Alles afwegend, wordt na te noemen straf passend en geboden geacht.
IN BESLAG GENOMEN VOORWERPEN
De officieren van justitie hebben gevorderd de volgende in beslag genomen goederen verbeurd te verklaren:
1 1.00 STK Map Kl:zwart lederen mapje
2 2.00 STK Kentekenbewijs deel 1 A en deel 1 B
3 1.00 STK Document keuringsbewijs (…)
4 1.00 STK Personenauto (…) SEAT Alhambra
5 1.00 STK Personenauto (…) VOLKSWAGEN transport.
Ten aanzien van deze goederen zal een last worden gegeven tot teruggave aan de verdachte, daar - zoals onder ‘vrijspraak’ is geoordeeld - de inbeslagnames onrechtmatig waren.

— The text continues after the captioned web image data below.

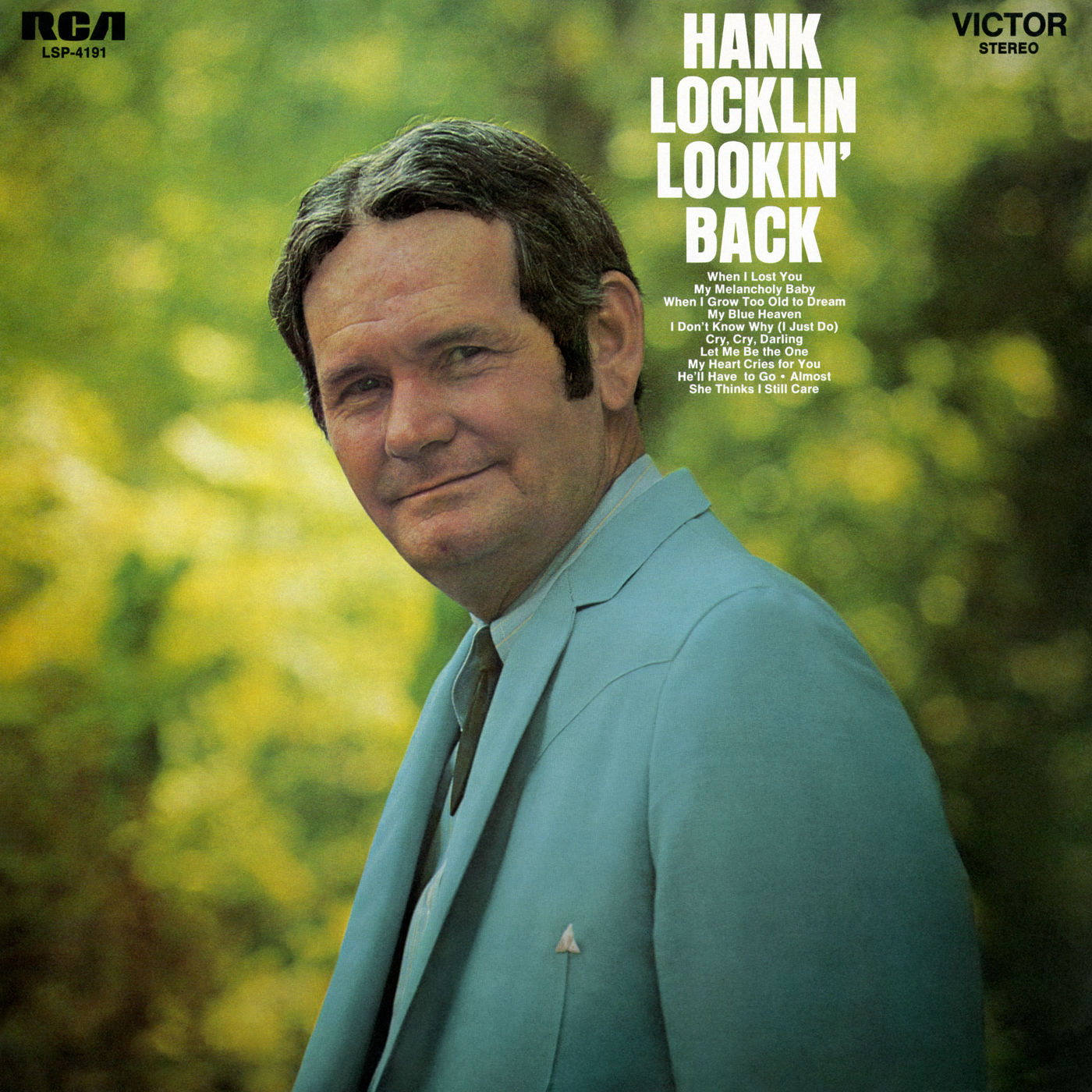 Hank Locklin – Lookin’ Back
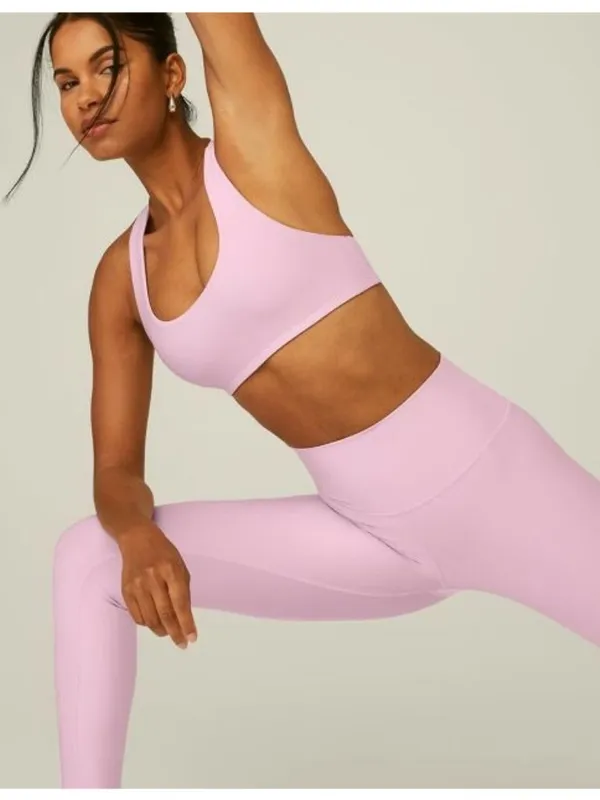 Alo High-Waist Airlift Legging Sugarplum Pink Hi-Rise Waisted Skinny Tights Pant - Image 5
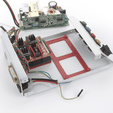 Capture d’écran 2018-04-26 à 10.59.18.png Archivo STL gratuito Brazo para placa de circuito impreso para Arduino UNO y MeanWell EPP-100-24・Idea de impresión 3D para descargar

TOEPASSELIJKE WETTELIJKE VOORSCHRIFTEN
Behalve op het reeds genoemde artikel, is gelet op de artikelen 47 en 57 van het Wetboek van Strafrecht en de artikelen 3a en 11 van de Opiumwet.
BESLISSING
De rechtbank:
verklaart niet bewezen, dat de verdachte de onder 1, 3 en 4 ten laste gelegde feiten heeft begaan en spreekt de verdachte daarvan vrij;
verklaart bewezen, dat de verdachte het onder 2 ten laste gelegde feit, zoals hiervoor omschreven, heeft begaan;
verklaart niet bewezen hetgeen aan de verdachte meer of anders ten laste is gelegd dan hiervoor bewezen is verklaard en spreekt de verdachte ook daarvan vrij;
stelt vast dat het bewezen verklaarde oplevert het hiervoor vermelde strafbare feit;
verklaart de verdachte strafbaar;
veroordeelt de verdachte tot een gevangenisstraf voor de duur van 2 (twee) maanden;
beveelt dat de tijd die door de veroordeelde voor de tenuitvoerlegging van deze uitspraak in verzekering en in voorlopige hechtenis is doorgebracht, bij de uitvoering van de opgelegde gevangenisstraf in mindering wordt gebracht, voor zover deze tijd niet reeds op een andere vrijheidsstraf in mindering is gebracht;
beslist ten aanzien van de voorwerpen, geplaatst op de lijst van inbeslaggenomen en nog niet teruggegeven voorwerpen, als volgt:
- gelast de teruggave aan verdachte van:
1 1.00 STK Map Kl:zwart lederen mapje
2 2.00 STK Kentekenbewijs deel 1 A en deel 1 B
3 1.00 STK Document keuringsbewijs (…)
4 1.00 STK Personenauto (…) SEAT Alhambra
5 1.00 STK Personenauto (…) VOLKSWAGEN transport.
heft op het geschorste bevel tot voorlopige hechtenis van de verdachte.
Dit vonnis is gewezen door:
mr. Van der Groen, voorzitter,
en mrs. Boek en Van Baaren, rechters,
in tegenwoordigheid van mrs. Snoeren en Fokkenrood-Wijsman, griffiers,
en uitgesproken op de openbare terechtzitting van deze rechtbank op 12 november 2012.